Este muslo de carne prieta y curada que cuenta su vida como un libro abierto, de salados olores y matices intensos, modelado con lentitud y sabiduría.
Creado para recrear nuestros sentidos, su color, su textura, su sabor, su aroma. En tapa, bocadillo, canapé y comida, tan nutritivo, tan rico, tan deseado.
Aunque despunten la nueva cocina y la deconstrucción, solo él se hace merecedor de museos y templos, porque al comerlo los problemas del alma arrinconamos.
Jamón con apellido rendida quedo, hasta que la muerte nos separe.

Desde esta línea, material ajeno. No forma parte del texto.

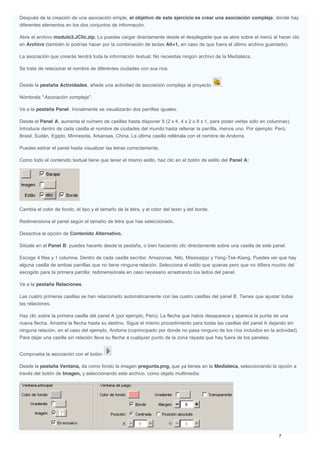 Después de la creación de una asociación simple, el objetivo de este ejercicio es crear una asociación compleja, donde hay
diferentes elementos en los dos conjuntos de información.
Abre el archivo modulo3.JClic.zip. Lo puedes cargar directamente desde el desplegable que se abre sobre el menú al hacer clic
en Archivo (también lo podrías hacer por la combinación de teclas Alt+1, en caso de que fuera el último archivo guardado).
La asociación que crearás tendrá toda la información textual. No necesitas ningún archivo de la Mediateca.
Se trata de relacionar el nombre de diferentes ciudades con sus ríos.
Desde la pestaña Actividades, añade una actividad de asociación compleja al proyecto .
Nómbrala "Asociación compleja".
Ve a la pestaña Panel. Inicialmente se visualizarán dos parrillas iguales.
Desde el Panel A, aumenta el número de casillas hasta disponer 8 (2 x 4, 4 x 2 o 8 x 1, para poder verlas sólo en columnas).
Introduce dentro de cada casilla el nombre de ciudades del mundo hasta rellenar la parrilla, menos uno. Por ejemplo: Perú,
Brasil, Sudán, Egipto, Minnesota, Arkansas, China. La última casilla rellénala con el nombre de Andorra.
Puedes estirar el panel hasta visualizar las letras correctamente.
Como todo el contenido textual tiene que tener el mismo estilo, haz clic en el botón de estilo del Panel A:
Cambia el color de fondo, el tipo y el tamaño de la letra, y el color del texto y del borde.
Redimensiona el panel según el tamaño de letra que has seleccionado.
Desactiva la opción de Contenido Alternativo.
Sitúate en el Panel B: puedes hacerlo desde la pestaña, o bien haciendo clic directamente sobre una casilla de este panel.
Escoge 4 filas y 1 columna. Dentro de cada casilla escribe: Amazonas, Nilo, Mississippi y Yang-Tsé-Kiang. Puedes ver que hay
alguna casilla de ambas parrillas que no tiene ninguna relación. Selecciona el estilo que quieras pero que no difiera mucho del
escogido para la primera parrilla; redimensiónala en caso necesario arrastrando los lados del panel.
Ve a la pestaña Relaciones.
Las cuatro primeras casillas se han relacionado automáticamente con las cuatro casillas del panel B. Tienes que ajustar todas
las relaciones.
Haz clic sobre la primera casilla del panel A (por ejemplo, Perú). La flecha que había desaparece y aparece la punta de una
nueva flecha. Arrastra la flecha hasta su destino. Sigue el mismo procedimiento para todas las casillas del panel A dejando sin
ninguna relación, en el caso del ejemplo, Andorra (coprincipado por donde no pasa ninguno de los ríos incluidos en la actividad).
Para dejar una casilla sin relación lleva su flecha a cualquier punto de la zona rayada que hay fuera de los paneles.
Comprueba la asociación con el botón
Desde la pestaña Ventana, da como fondo la imagen pregunta.png, que ya tienes en la Mediateca, seleccionando la opción a
través del botón de Imagen, y seleccionando este archivo, como objeto multimedia:
 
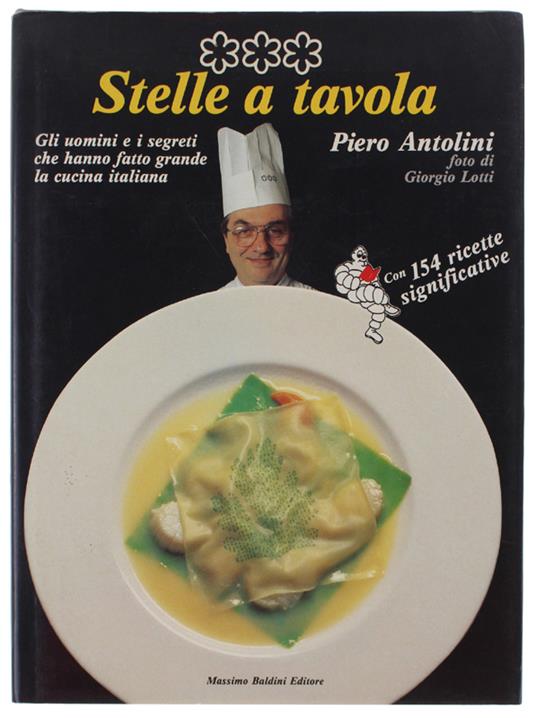 STELLE A TAVOLA. Gli uomini e i segreti che hanno fatto grande la cucina italiana - Piero Antolini - copertina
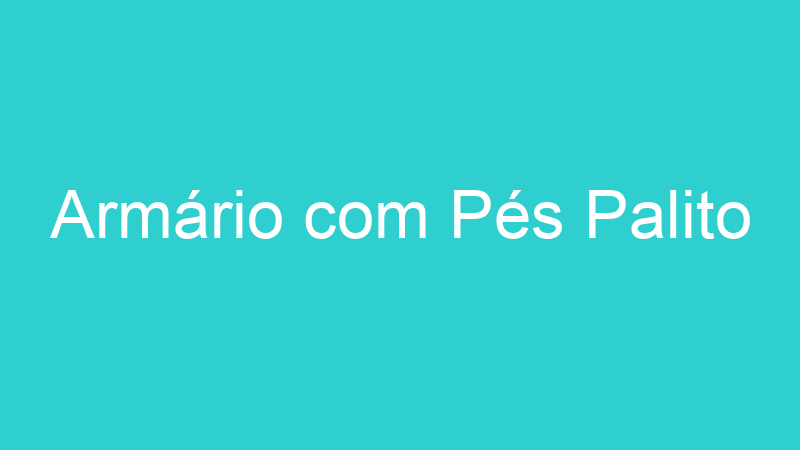 Armário com Pés Palito
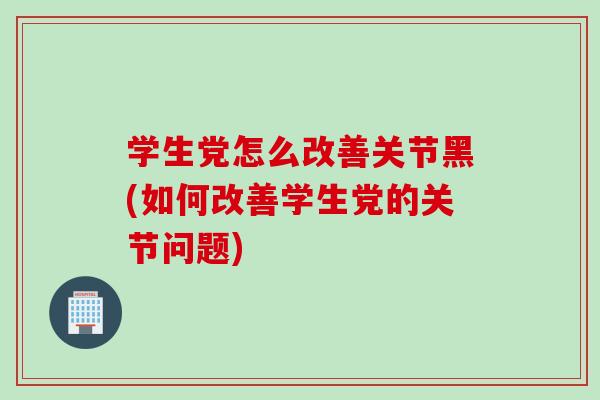 学生党怎么改善关节黑(如何改善学生党的关节问题)
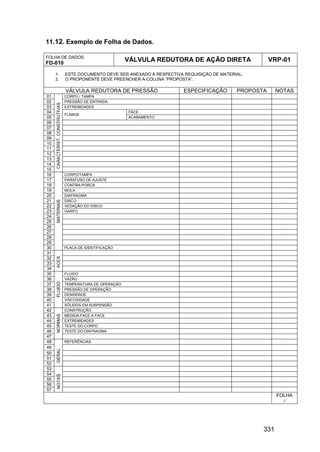 331
11.12. Exemplo de Folha de Dados.
FOLHA DE DADOS
FD-010
VÁLVULA REDUTORA DE AÇÃO DIRETA VRP-01
1. ESTE DOCUMENTO DEVE SER ANEXADO À RESPECTIVA REQUISIÇÃO DE MATERIAL.
2. O PROPONENTE DEVE PREENCHER A COLUNA “PROPOSTA”.
VÁLVULA REDUTORA DE PRESSÃO ESPECIFICAÇÃO PROPOSTA NOTAS
01 CORPO / TAMPA
02 PRESSÃO DE ENTRADA
03 EXTREMIDADES
04 FACE
05
FLANGE
ACABAMENTO
06
07
08
09
10
11
12
13
14
15
CARACTERÍST.CONSTRUTIVAS
16 CORPO/TAMPA
17 PARAFUSO DE AJUSTE
18 CONTRA-PORCA
19 MOLA
20 DIAFRAGMA
21 DISCO
22 VEDAÇÃO DO DISCO
23 GARFO
24
25
26
27
28
29
30
MATERIAIS
PLACA DE IDENTIFICAÇÃO
31
32
33
34
ACES.
35 FLUIDO
36 VAZÃO
37 TEMPERATURA DE OPERAÇÃO
38 PRESSÃO DE OPERAÇÃO
39 DENSIDADE
40 VISCOSIDADE
41
FLUIDO
SÓLIDOS EM SUSPENSÃO
42 CONSTRUÇÃO
43 MEDIDA FACE A FACE
44 EXTREMIDADES
45 TESTE DO CORPO
46 TESTE DO DIAFRAGMA
47
NORMAS
48 REFERÊNCIAS
49
50
51
52
GERAL
53
54
55
56
57
NOTAS
FOLHA
/
 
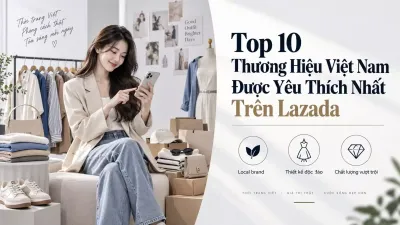 Top 10 Thương Hiệu Việt Nam Được Yêu Thích Nhất Trên Lazada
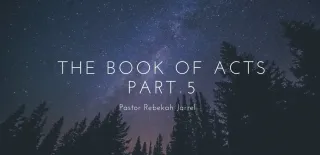 The Book of Acts Part 5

Sí, me gusta el jamón más de lo normal ¡Y a mucha honra!, mi pan tostado con jamón cortado a cuchillo, acompañado del pisto que engalana el pan, protocolo alimentario que consigue que la boca se haga agua, ritual de un mordisco anticipado, acompañado de cerrar de ojos y disfrutar con gula.
En fin como dice una chirigota de Cádiz, «Se nos acabó el jamón de tanto usarlo, de tanto cuchillazo sin medida…»
Ingredientes
1 tapa de jamón bien cortado (se puede sustituir por lomo)
1 rebanada de pan de pueblo tostado por persona
pisto para untar el pan
2 huevos de codorniz por persona
Sal y aceite de oliva
Elaboración
Para hacer esta receta, nos facilita mucho el trabajo tener una plancha o una sartén grande.
En primer lugar tostamos las rebanadas de pan por ambos lados
Después calentamos el pisto (se puede sustituir por rodajas de tomate, en este caso no se calienta) y lo añadimos al pan
Ponemos encima de cada rebanada de pan el jamón
Empezamos con los huevos; se abren con más facilidad si les damos un golpe seco con un cuchillo en mitad del huevo y se van poniendo sobre la plancha. Cuando ya están bien hechos se coloca un par de huevos sobre cada rebanada de pan con pisto y jamón.